━━ DATA TO USE ━━

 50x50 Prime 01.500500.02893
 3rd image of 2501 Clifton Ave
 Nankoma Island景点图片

━━━
━━ DATA TO USE ━━

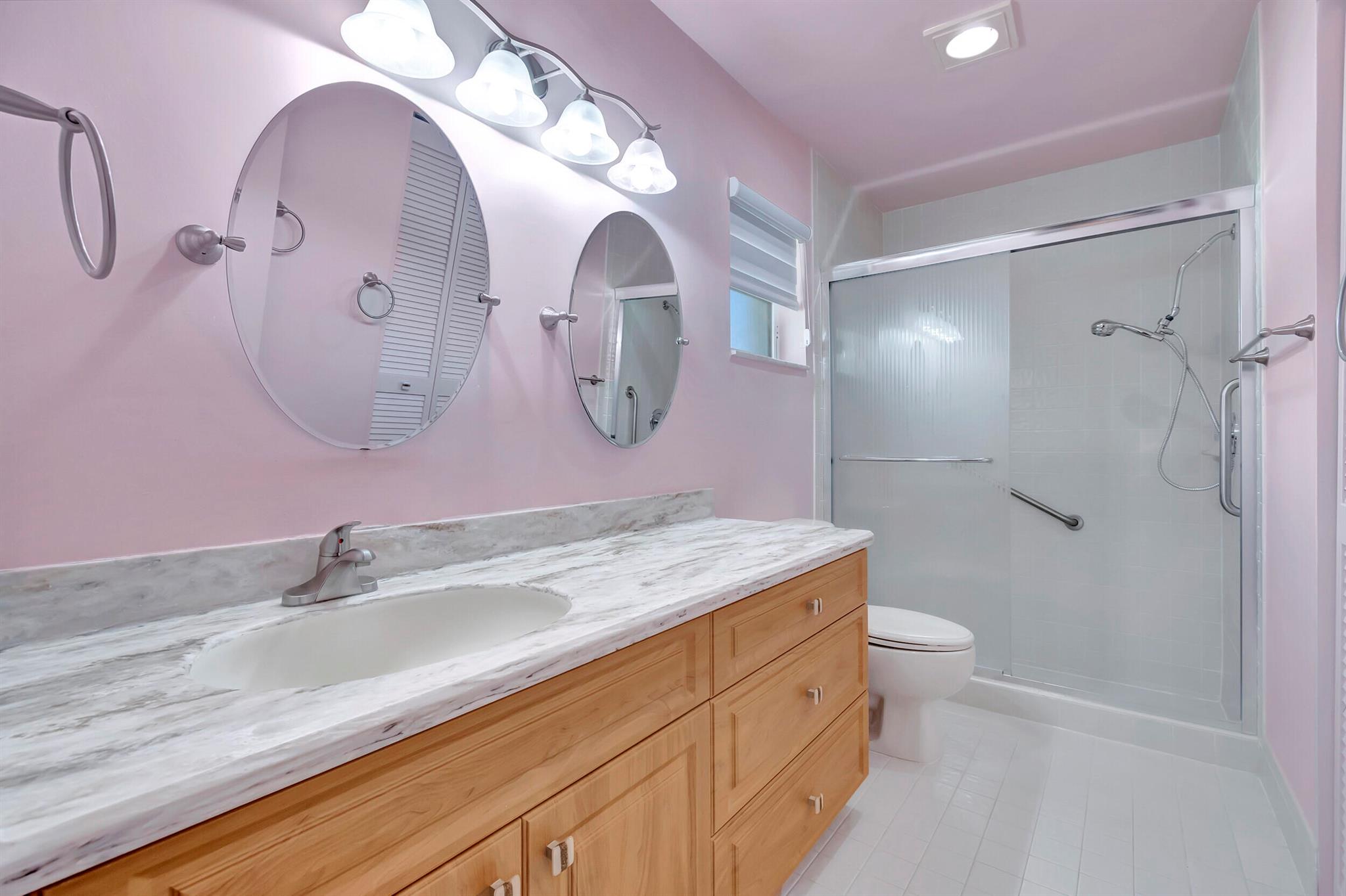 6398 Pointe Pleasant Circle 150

━━━

§ **WHAT YOU ARE ASKED TO DO**
Reproduce exactly the lines of the records above from the one with "3rd image of 2501 Clifton Ave" to the one with "Nankoma Island景点图片", both included, and leave out everything else.

§ **RESPONSE BOX**
 3rd image of 2501 Clifton Ave
 Nankoma Island景点图片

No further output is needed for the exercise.